Foto: Paris Filmes/Divulgação

Nos últimos anos, o terror brasileiro tem ganhado projeção nos circuitos de festivais mundo afora. Junta-se ao coro um já estabelecido diretor, Andrucha Waddington, responsável por alguns documentários sobre artistas da MPB mais diversas colaborações com Fernanda Torres, sua esposa, e Fernanda Montenegro, sua sogra. Em O Juízo (Brasil, 2019 – Paris Filmes), estas parcerias se repetem.

O roteiro, segundo assinado por Torres em sua carreira, gira em torno de uma família que recém se mudou para a Casa Grande herdada por Augusto (Felipe Camargo). Além dele, Tereza (Carol Castro) e seu filho Marinho (Joaquim Torres Waddington) devem adaptar-se à nova casa, sem luz e isolada da cidade mais próxima. No entanto, a família é ameaçada pelos espíritos de um escravo (Criolo) e sua filha (Kênia Bárbara), assassinados por um antepassado de Augusto (por problemas temporais da narrativa não fica claro se é seu avô, constantemente citado ao longo do filme, ou alguma geração anterior). Aqui, Andrucha e Torres desenham um thriller psicológico, claramente inspirados em clássicos de Stephen King, como O Iluminado e Cemitério Maldito, porém sem sucesso.

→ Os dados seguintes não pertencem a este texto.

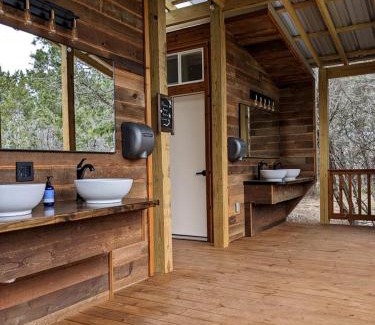 Spicewood House | Romantic Getaways in Fully-Equipped Tree House Rental in Spicewood, Texas
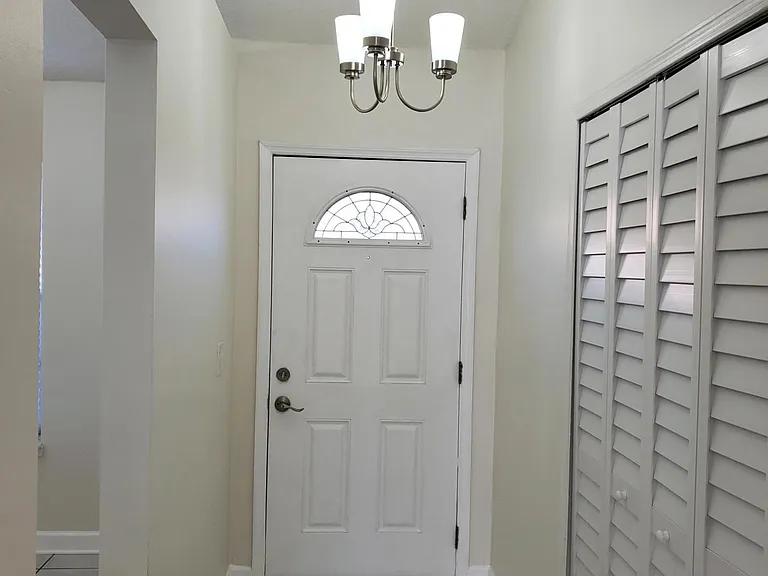 1024 Snug Harbour Ct — Photo 6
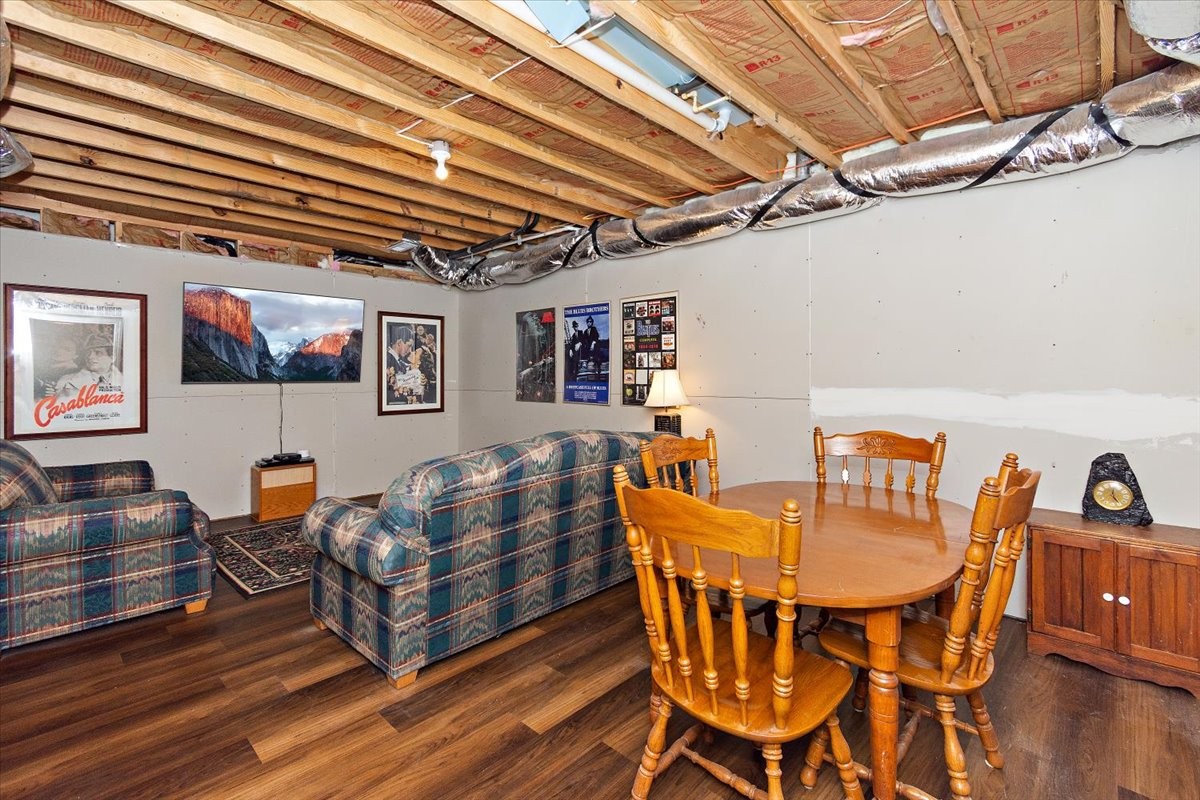 Columbia, Tennessee, 38401, United States, 4 Bedrooms Bedrooms, ,3 BathroomsBathrooms,Residential,For Sale,1897603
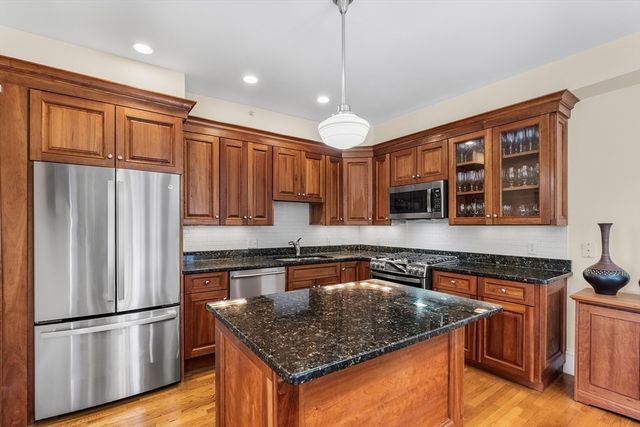 81 Forest St 81, Medford, MA 02155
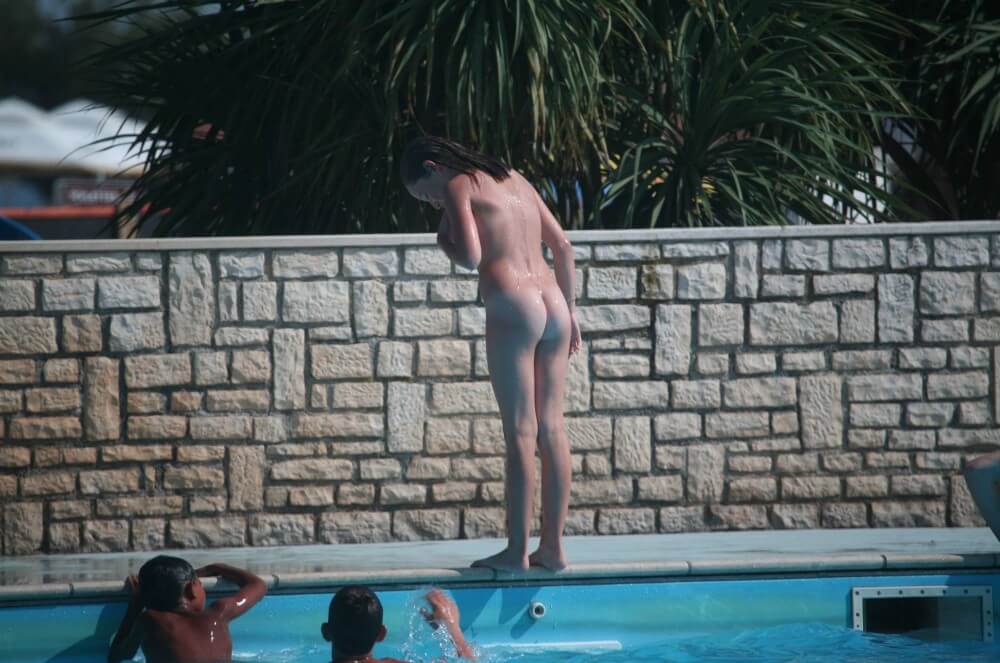 Naturist Pool-Side Singles pics - Nudity helps overcome insecurities and fears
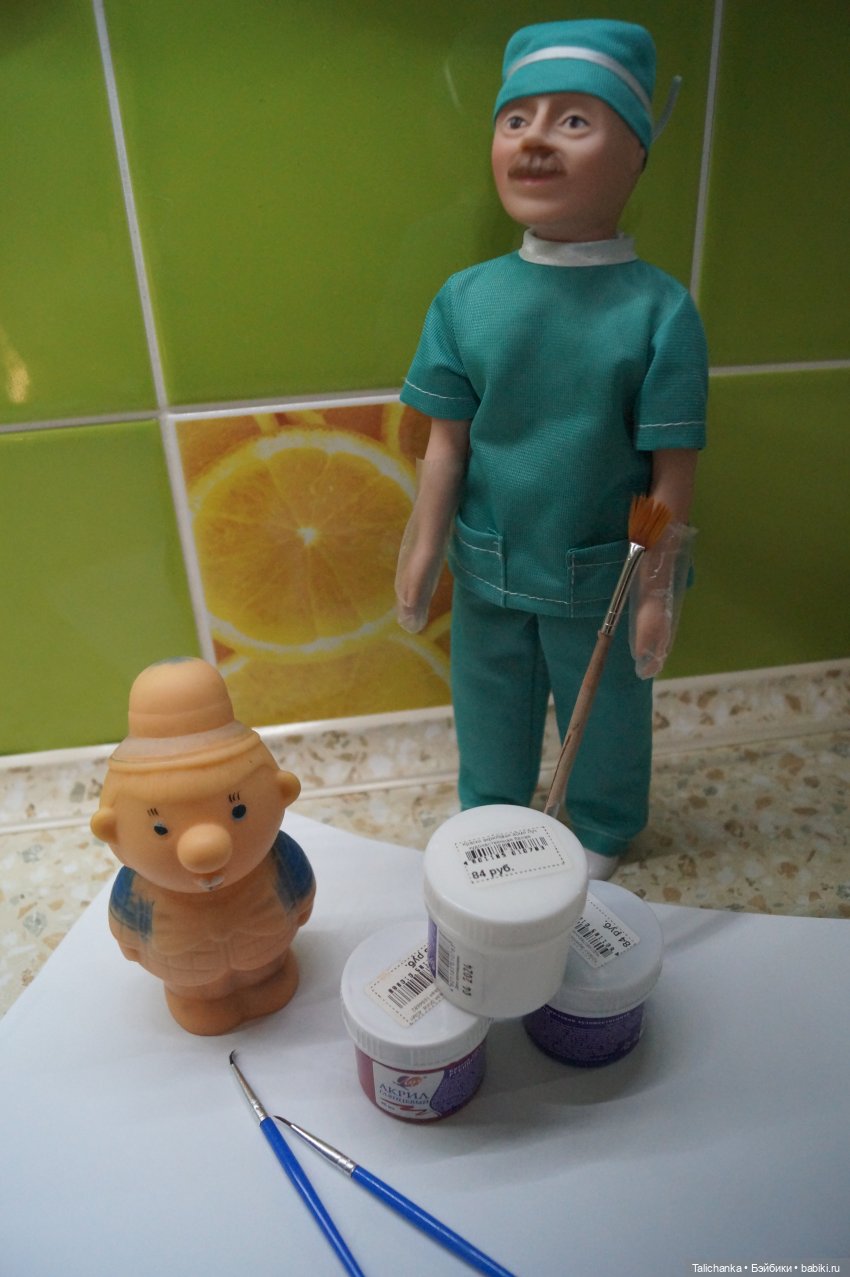 Четвёртая выписка января Паяю ножку ГДРчику и Алёше Ленигрушка Горьковским куколкам поправила волосы и сшила платьица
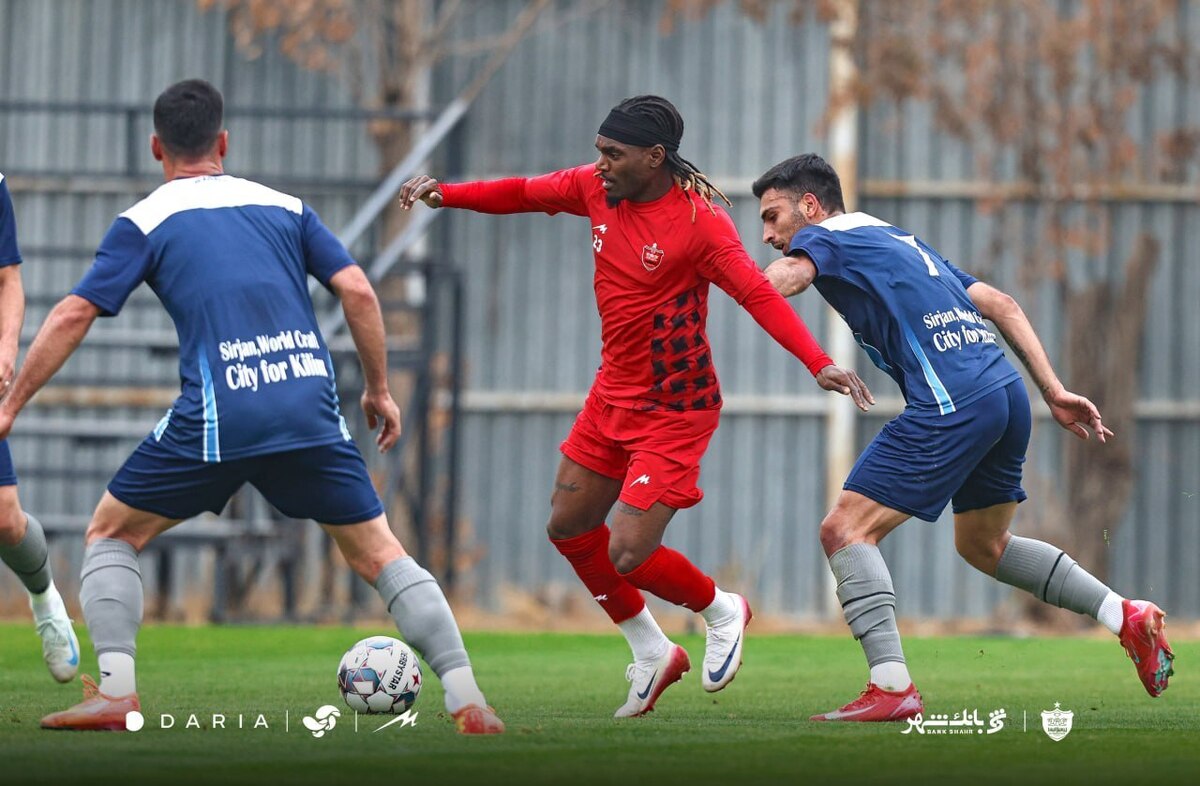 فیلم سوپرگل گل گهر به پرسپولیس از بیرون محوطه جریمه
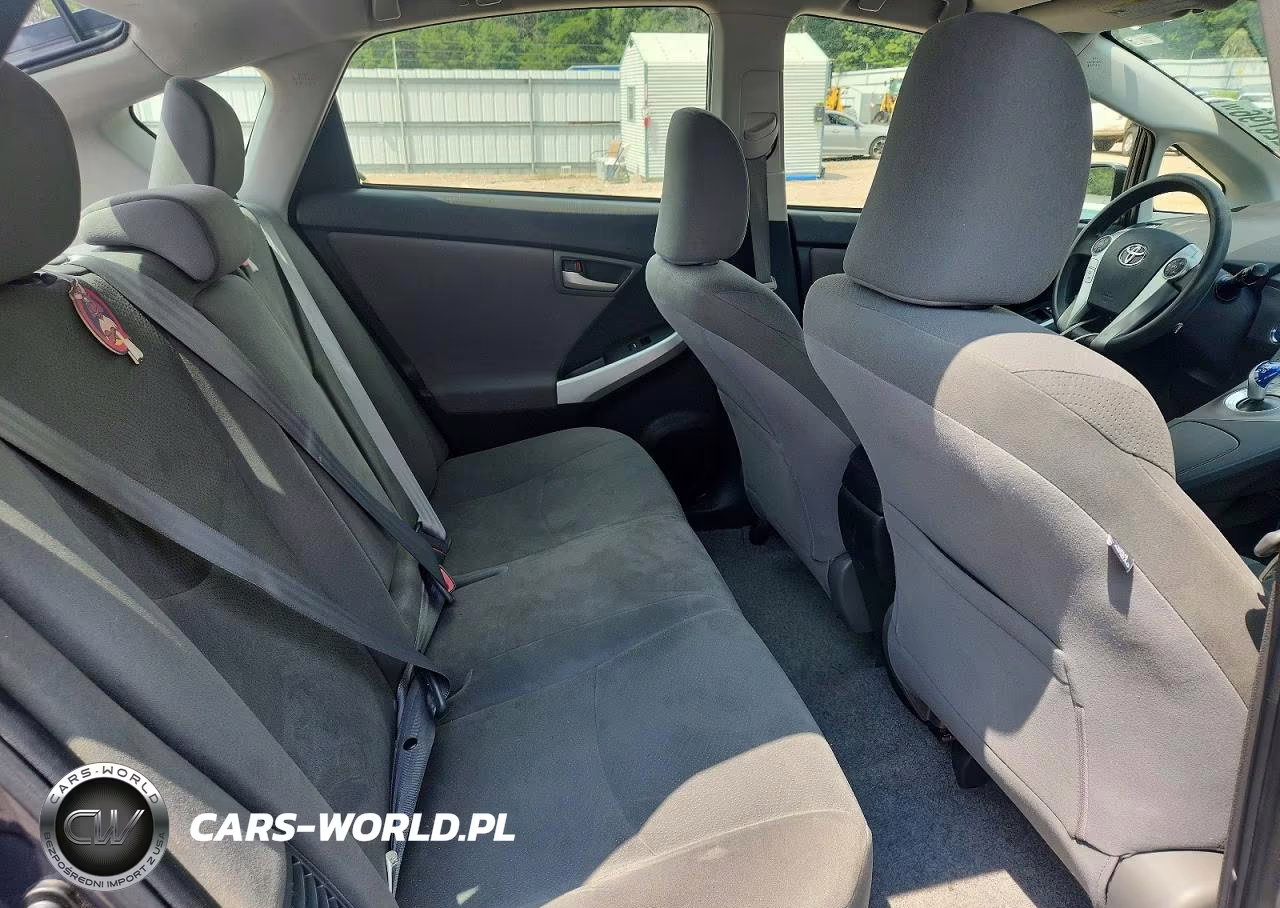2012 Toyota Prius Two VIN:JTDKN3DU6C1543232 - 10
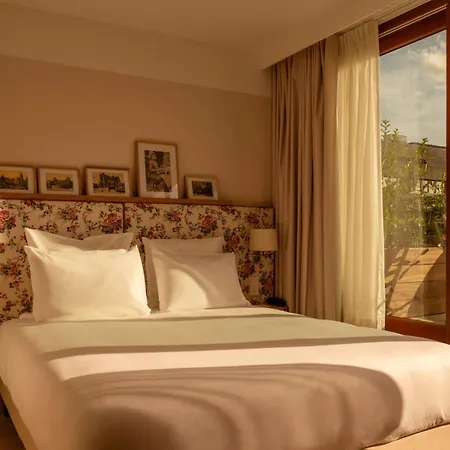 9hotel Chelton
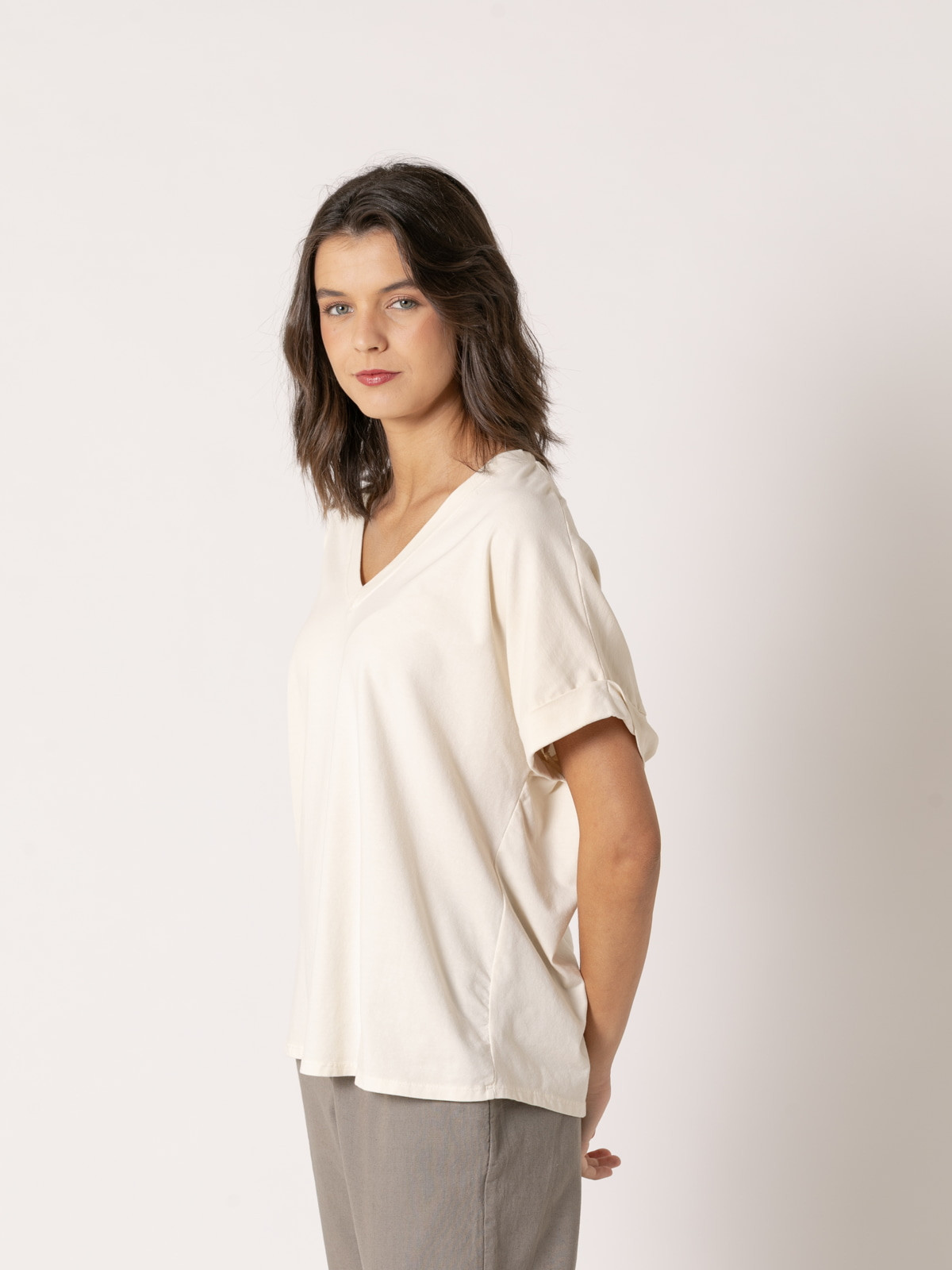 Camiseta algodón essence bolsillo en pico color Crudo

Este é, sem dúvidas, um filme problemático. Não necessariamente em seu tema, mas em seus aspectos mais técnicos, desde a direção e o roteiro à atuação do pequeno elenco que compõe o longa. A integração desses problemas, no entanto, dificulta uma análise fragmentada destes aspectos.

Explico. O Juízo abre desenhando perguntas que jamais são respondidas. A principal delas, que está presente em todo filme, é “quem são esses personagens?”. A segunda, de igual importância, é “por que estes personagens estão se mudando para esta casa, sem luz e completamente isolada de sua aparente vida anterior?”.  Nenhuma dessas questões é satisfatoriamente solucionada, o que prejudica a imersão do espectador na história. Como vamos nos importar com o que ocorre com personagens que mal conhecemos, muito menos entendemos o porquê de estarem nessa situação? As tentativas, propostas pelo roteiro, são insuficientes, mas a direção parece estar igualmente despreocupada com a imersão do público. Há, aqui, a ausência de elementos fundamentais do cinema, uma fundação para a construção do filme.

Waddington tenta estabelecer suspense, principalmente por meio de imagens estilizadas (estilo não falta nesse filme!), porém nos distancia de seus personagens, já que não há uma conexão primordial ao funcionamento de qualquer filme (a saber: entre personagens e espectador). Ainda, não há uma definição espacial-geográfica. Como exemplo, não conhecemos pontos fundamentais da estrada que liga a cidade à casa ou até mesmo os ambientes internos desta casa. A magnitude opressora da arquitetura do Brasil escravocrata é minimizada pelo não-estabelecimento dessa magnitude. Da mesma forma, pontos importantes ao suspense não são elucidados. Surgem elementos de cena aqui e ali e o arco da loucura gradual de Augusto, o único na trama, é pouco explorado pela direção.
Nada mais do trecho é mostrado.